Giovanni Semes, ottantatreenne, residente in Croazia (pensione Inps: dato non disponibile), è stato comandante militare di Zara e capo della polizia segreta di Tito dal 1944 al 1945. Il generale Semes, che occupò Zara il 31 ottobre 1944, era comandante militare della piazza e capo della polizia segreta di Tito nella zona. Il giornale croato "Narodni List" ha pubblicato, cinquant'anni dopo, il bando di fucilazione degli abitanti del quartiere di Borgo Erizzo e di altri zaratini. Ventinove italiani erano compresi nel bando firmato dal generale Giovanni Semes, ma altri "settantatre non hanno avuto la fortuna di essere giudicati perché sono finiti nella fossa marina dell'isola Lavernata nell'arcipelago delle Coronarie" scrisse Ivijca Matesie in un'inchiesta giornalistica, acquisita agli atti dal pubblico ministero di Roma. Inoltre, lo studioso Marco Pirina ha segnalato alla Procura di Roma la relazione del secondo reparto della Regia Marina del 20 giugno 1945, conservata presso l'Archivio Centrale dello Stato, che conferma questi tragici fatti imputabili al generale Semes.

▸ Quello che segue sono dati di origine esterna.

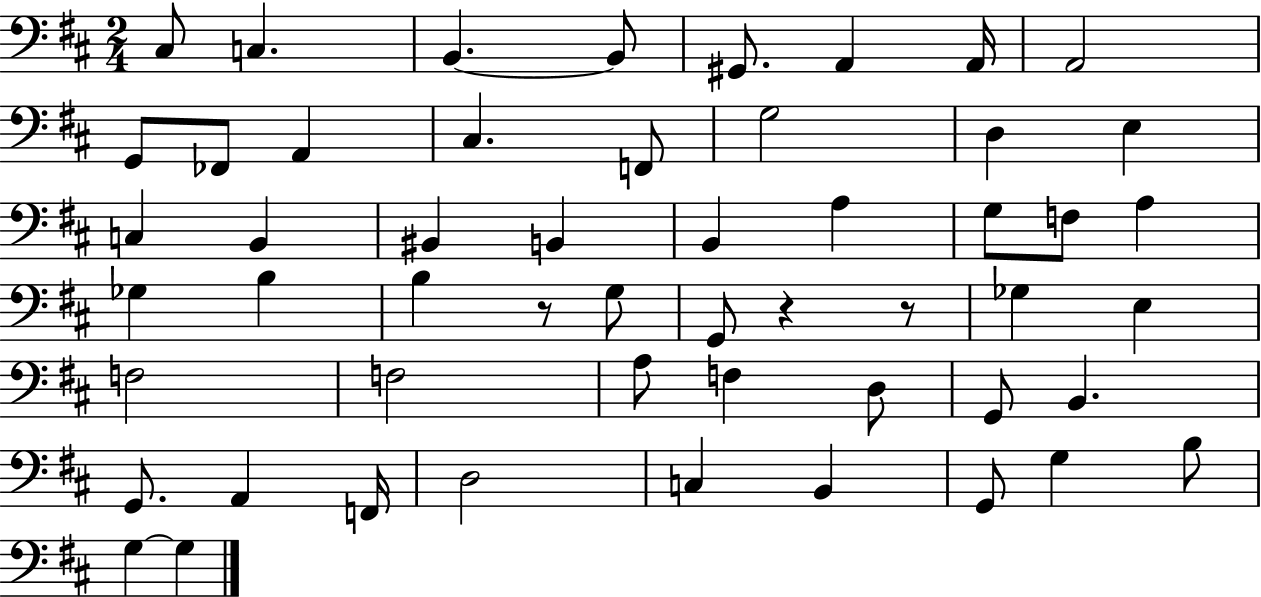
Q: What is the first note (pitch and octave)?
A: C#3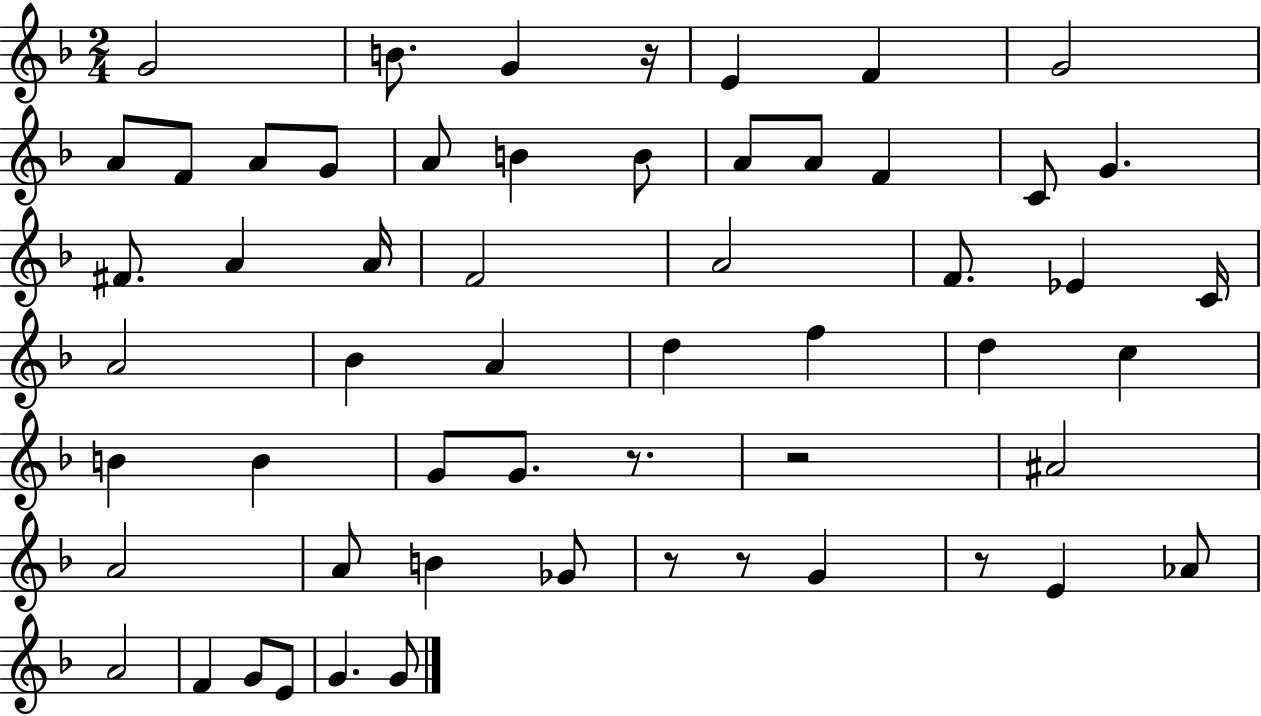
G4/h B4/e. G4/q R/s E4/q F4/q G4/h A4/e F4/e A4/e G4/e A4/e B4/q B4/e A4/e A4/e F4/q C4/e G4/q. F#4/e. A4/q A4/s F4/h A4/h F4/e. Eb4/q C4/s A4/h Bb4/q A4/q D5/q F5/q D5/q C5/q B4/q B4/q G4/e G4/e. R/e. R/h A#4/h A4/h A4/e B4/q Gb4/e R/e R/e G4/q R/e E4/q Ab4/e A4/h F4/q G4/e E4/e G4/q. G4/e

Mario Toffanin, deceduto, residente in Slovenia fino a prima della morte (pensione Inps pari a lire 672.270 per 13 mensilità) è stato comandante dei Gruppi armati partigiani - Gap - nell'alto Friuli e nella provincia di Gorizia. Conosciuto con il nome di "Giacca", Toffanin è il responsabile della strage di Porzus sui monti friulani. Fra l'8 il 13 febbraio del 1945 massacrò con i suoi uomini - tutti partigiani garibaldini rossi - ventidue combattenti della Resistenza della brigata "Osoppo", che si opposero all'annessione alla Yugoslavia della Venezia Giulia. Nel 1957 Toffanin fu condannato all'ergastolo per l'eccidio di Porzus, ma si nascose prima in Yugoslavia e poi in Cecoslovacchia. Nel 1978 venne graziato dal presidente Pertini.